Archaeological Sites Among the Wildlife
Scattered among the sand are several Ancient Egyptian ruins, adding depth and feeling to the landscape. On the lake’s western side lies the Qasr Qarun Temple dedicated to Sobek, the crocodile god. There are also remains of four groups of Egyptian pyramids towering above the landscape. We were sad to see these were in poor shape on our desert safari, having collapsed during ancient times. Their poor condition is because of the less substantial building techniques used during this era. However, Meidum is worth a visit, being Egypt’s first straight-sided pyramid.

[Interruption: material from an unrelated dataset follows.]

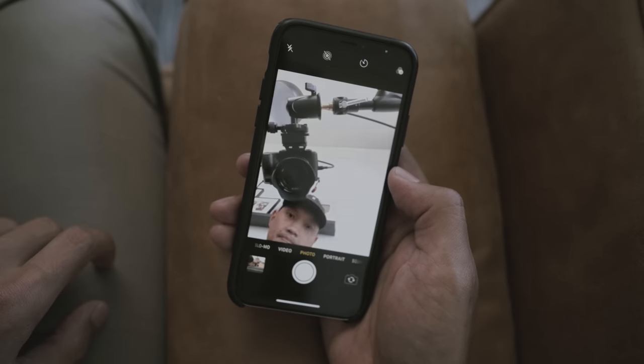Right in the middle of the 12-app stack, I have the camera app. I found that this is the area where my thumb naturally defaults to, so I have the camera app there so if any candid moments appear, I won't miss them.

We also came across an old ruin remnant of the trans-Saharan gold trade. Between the seventh and eleventh centuries, trade routes linked the Mediterranean and sub-Saharan economies that traded gold for salt. The demand for gold continued to increase, especially in north Islamic states. This led to Ghana being referred to as the “Land of Gold” before losing its domination in the twelfth century. During the Mali Empire, the trade route expanded across Egypt, passing through Cario and ending in Egypt’s interior. This second trade route grew in popularity and is responsible for the Egyptian influence on Western Sudan.
Egypt’s Fossilized Forest & Geological Diversity
Egypt’s desert landscape has unique geology comprised of several layers of rock. The majority of the surface of modern Egypt is made from limestone, below which lies a sandstone layer. These two layers of stone are what Egyptians utilize when building their infamous ancient temples and pyramids. Alongside the stone, there are also layers of sand, gravel, and mud with a thickness of 70-100 meters. And within these layers are thousands of fossils. These fossils tell a story of an understated ancient forest that traces back to the Oligocene geologic epoch.
This natural heritage area is the Hill of Wood or Gabal Al-Khashab, and it is an archaeological hotspot. Today, environmentalists have successfully put this 30-million-year-old fossilized forest under government protection. While on our desert safari, we came across several stems and tree trunks that are completely fossilized. Alongside the petrified wood, there are also fossils of mammals, plants, flowers, and fruit from essentially all geological periods. It is an undeniable must-see for any traveler.